10 soldiers killed in attack in Yemen
 

Zaidi rebels attack army roadblock in Saada province, 20 soldiers wounded as fighters refuse to drop arms.

 

Middle East Online

At least 22 soldiers killed recently

SANAA - Ten Yemeni soldiers were killed and 20 wounded on Thursday in an attack on an army roadblock in Saada province in the northwest of the country, a security source said.

The assault was presumed to have been carried out by Zaidi rebels, he added.

"Violent clashes are taking place in the Rizamat region" where the checkpoint attack was reported said the source, who requested anonymity.

Thursday's toll raised to at least 22 the number of soldiers killed in fighting between the army and Zaidi fighters in Saada province since rebel attacks resumed earlier this week.

The ruling General People's Congress (GPC) of President Ali Abdullah Saleh said on its website on Wednesday that five soldiers, including an officer, were killed in "terrorist attacks led by members of the (rebel) group."

Zaidi rebels are suspected of being behind attacks on Saturday and Sunday against army and police in the Saada region near the Saudi border which left seven soldiers dead and 20 others wounded.

On Monday Saleh called on the rebels to lay down their arms and surrender.

"Those saboteurs and terrorists who belong to (tribal Zaidi leader) Abdul Malek al-Huthi should hand in their heavy and medium weaponry to the (army) command in the Saada region," he said in an address to military commanders.

There has been no official indication of rebel losses, but the security source said on Thursday that "three rebels were killed on Wednesday at a village in Saada province."

The Huthi tribe led a rebellion against government forces in 2004 and 2005 that left around 700 dead and hundreds more wounded.
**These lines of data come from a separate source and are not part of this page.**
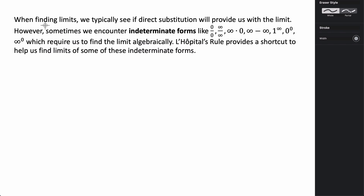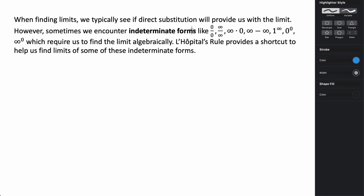Generally speaking, when we are trying to find limits, we typically use something called direct substitution. And if we don't end up with an indeterminate form, then that usually is what we get as the value of our limit. Sometimes, however, we do end up with something that we say is indeterminate, like 0 divided by 0, or infinity divided by infinity, or any of these other different indeterminate forms. And if we end up with an indeterminate form, we usually have to do some sort of algebraic manipulation in order to help us evaluate our limit, ultimately using direct substitution into that manipulated equation.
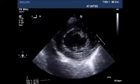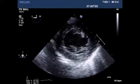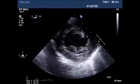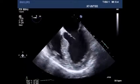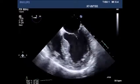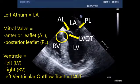Transgastric view of the left ventricle with normal function and some left ventricular hypertrophy noted. Four-chamber view, with systolic anterior motion of the mitral valve noted.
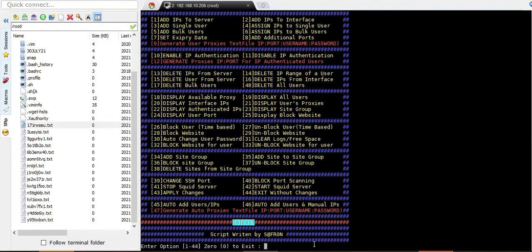That's how the updated features and updated script work. Thank you for watching — please subscribe to the channel and comment if you have anything else in mind that I could add to the script. Thank you very much.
Since then there have been intermittent outbreaks of fighting.

One rebel leader, Abdel Malak al-Huthi, confirmed on Thursday that threats had been made against Jews in the village of Al Salem in Saada province to make them leave.

"These Jews have a problem with the other inhabitants of the region, who have complained about them," he told the Arabic-language satellite television channel Al-Jazeera.

"The people have demanded that these Jews leave because they have provoked damage... by their admitted meddling in regional affairs and their moral corruption," Huthi said.

Israel vowed on January 22 to investigate reports that Jews in Yemen had received death threats.

Sanaa said in April 2005 it had crushed the Zaidi "Young Believers" rebellion led by Badreddin al-Huthi after his son Hussein was killed by govenment forces the previous September.

The Zaidis are an offshoot of Shiite Islam dominant in northwestern Yemen, but form a minority in the mainly Sunni country.

The rebels reject as illegitimate the regime which seized power in a 1962 coup known as the September 26 revolution, overthrowing a Zaidi imamate.